Una perla anónima nos pide, “no mirar el retrovisor, sino el parabrisas”.

Cuentan que cuando le preguntaron a una dama a la que le encantaba la poesía al respecto del desapego esta dijo: – así como en el otoño la naturaleza deja caer las hojas que en el verano fueron necesarias para protección del calor, el otoño nos llama para que se haga una reflexión profunda para deshacernos de todo lo que ya no sirve más.
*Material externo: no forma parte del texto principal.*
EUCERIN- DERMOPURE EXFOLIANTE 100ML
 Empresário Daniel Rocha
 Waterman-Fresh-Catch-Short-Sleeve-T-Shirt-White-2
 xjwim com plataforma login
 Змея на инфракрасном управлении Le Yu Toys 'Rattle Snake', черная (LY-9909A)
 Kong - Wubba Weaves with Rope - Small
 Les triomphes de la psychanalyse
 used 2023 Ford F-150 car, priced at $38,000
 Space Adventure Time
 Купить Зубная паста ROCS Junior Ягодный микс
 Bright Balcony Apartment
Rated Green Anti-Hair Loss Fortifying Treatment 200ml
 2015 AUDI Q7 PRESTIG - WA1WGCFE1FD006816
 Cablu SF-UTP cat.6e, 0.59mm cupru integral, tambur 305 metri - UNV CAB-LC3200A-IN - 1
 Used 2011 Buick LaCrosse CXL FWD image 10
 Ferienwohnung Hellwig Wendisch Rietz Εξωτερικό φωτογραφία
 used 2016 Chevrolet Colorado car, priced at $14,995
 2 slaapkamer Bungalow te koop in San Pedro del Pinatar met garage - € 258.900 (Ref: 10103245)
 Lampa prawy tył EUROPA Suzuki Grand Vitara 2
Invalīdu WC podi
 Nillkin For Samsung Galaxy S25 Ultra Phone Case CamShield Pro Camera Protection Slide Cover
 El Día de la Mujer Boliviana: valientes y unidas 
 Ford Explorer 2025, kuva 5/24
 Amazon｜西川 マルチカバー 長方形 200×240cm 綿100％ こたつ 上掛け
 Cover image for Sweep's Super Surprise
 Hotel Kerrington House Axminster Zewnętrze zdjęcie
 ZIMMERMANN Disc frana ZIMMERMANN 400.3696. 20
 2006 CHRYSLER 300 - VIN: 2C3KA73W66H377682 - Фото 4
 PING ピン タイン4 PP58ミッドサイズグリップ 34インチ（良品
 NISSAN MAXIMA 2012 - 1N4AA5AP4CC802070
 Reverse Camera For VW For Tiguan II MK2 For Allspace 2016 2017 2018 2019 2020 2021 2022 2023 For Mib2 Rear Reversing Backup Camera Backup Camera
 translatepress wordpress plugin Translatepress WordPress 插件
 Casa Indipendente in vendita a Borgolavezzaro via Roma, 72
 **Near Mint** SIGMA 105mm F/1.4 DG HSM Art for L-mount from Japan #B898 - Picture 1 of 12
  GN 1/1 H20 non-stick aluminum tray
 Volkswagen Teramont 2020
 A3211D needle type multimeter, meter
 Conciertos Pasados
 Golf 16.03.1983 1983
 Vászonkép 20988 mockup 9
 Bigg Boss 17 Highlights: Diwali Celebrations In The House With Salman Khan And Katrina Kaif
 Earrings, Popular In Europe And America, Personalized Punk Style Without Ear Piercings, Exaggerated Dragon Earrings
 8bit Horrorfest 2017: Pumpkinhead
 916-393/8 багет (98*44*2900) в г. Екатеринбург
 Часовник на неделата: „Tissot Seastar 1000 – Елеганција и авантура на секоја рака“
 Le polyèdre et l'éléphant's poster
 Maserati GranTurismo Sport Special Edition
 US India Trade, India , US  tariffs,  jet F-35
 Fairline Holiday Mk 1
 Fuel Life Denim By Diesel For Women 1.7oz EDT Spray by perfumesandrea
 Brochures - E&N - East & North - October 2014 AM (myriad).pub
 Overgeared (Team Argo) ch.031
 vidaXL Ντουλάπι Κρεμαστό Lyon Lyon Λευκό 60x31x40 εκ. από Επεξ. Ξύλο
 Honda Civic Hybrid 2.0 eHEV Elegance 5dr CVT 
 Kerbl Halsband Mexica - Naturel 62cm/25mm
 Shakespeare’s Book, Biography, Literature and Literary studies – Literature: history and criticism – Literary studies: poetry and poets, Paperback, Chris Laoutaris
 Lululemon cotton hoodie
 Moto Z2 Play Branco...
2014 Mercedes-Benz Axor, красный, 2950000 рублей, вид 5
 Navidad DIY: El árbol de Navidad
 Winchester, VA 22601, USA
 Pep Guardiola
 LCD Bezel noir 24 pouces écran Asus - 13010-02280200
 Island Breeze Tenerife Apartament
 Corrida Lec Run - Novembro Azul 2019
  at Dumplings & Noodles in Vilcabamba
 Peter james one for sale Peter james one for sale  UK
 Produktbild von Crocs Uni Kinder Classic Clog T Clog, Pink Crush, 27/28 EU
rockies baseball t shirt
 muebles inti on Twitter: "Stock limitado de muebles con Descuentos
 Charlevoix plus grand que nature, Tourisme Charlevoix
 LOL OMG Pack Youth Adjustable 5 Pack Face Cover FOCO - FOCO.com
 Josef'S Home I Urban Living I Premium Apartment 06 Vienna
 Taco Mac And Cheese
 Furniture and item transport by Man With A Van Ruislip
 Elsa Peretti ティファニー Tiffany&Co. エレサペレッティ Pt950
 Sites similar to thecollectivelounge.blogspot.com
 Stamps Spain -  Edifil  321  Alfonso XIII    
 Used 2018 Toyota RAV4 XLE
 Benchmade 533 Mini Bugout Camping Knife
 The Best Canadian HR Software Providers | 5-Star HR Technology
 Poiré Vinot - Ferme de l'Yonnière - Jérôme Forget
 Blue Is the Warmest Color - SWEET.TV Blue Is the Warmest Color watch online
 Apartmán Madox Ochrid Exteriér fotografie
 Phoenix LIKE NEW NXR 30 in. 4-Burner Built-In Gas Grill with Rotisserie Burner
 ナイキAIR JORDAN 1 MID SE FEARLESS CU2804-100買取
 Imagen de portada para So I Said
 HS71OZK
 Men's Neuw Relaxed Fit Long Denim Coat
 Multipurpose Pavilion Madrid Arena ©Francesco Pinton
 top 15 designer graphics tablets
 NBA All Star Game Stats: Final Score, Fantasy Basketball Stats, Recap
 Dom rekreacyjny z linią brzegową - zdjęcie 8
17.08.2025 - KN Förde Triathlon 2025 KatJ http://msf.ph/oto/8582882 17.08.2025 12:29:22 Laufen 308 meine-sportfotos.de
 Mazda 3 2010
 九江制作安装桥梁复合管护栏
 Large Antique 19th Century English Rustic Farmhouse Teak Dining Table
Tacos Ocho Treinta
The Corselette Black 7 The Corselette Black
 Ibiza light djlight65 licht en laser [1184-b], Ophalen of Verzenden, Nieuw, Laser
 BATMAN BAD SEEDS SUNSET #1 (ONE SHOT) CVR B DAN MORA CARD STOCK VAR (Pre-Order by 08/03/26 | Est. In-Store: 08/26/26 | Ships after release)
Y ese es uno de los pasos más importantes para vivir el presente, sin pesos adicionales del ayer. Se trata de deshacerse de recuerdos que ya no sirven más. Así que hay que asumir el otoño, ese en donde las hojas caen para que pueda tener lugar el renacimiento en la primavera.

Como seres humanos nosotros deberíamos acogernos a esos ciclos de los cuales nos enseña la misma naturaleza, dejando caer lo que ya no nos es útil y permitiéndonos la llegada de un nuevo renacer, que cada vez nos haga mas dóciles a la vida, logrando incluso purificarnos al reflexionar  sobre todo lo que se nos ha prestado y la forma como le usamos construyendo con ello un día a día mucho más saludable.

El Texto de Textos nos revela en Éxodo 20:13, “no asesinaras”. 

Aquí y ahora tenemos la oportunidad de decidirnos por valorar el aprendizaje que nos ofrecen nuestras…                                                     COTIDIANIDADES…                                                                                        ¡nos trasformaremos!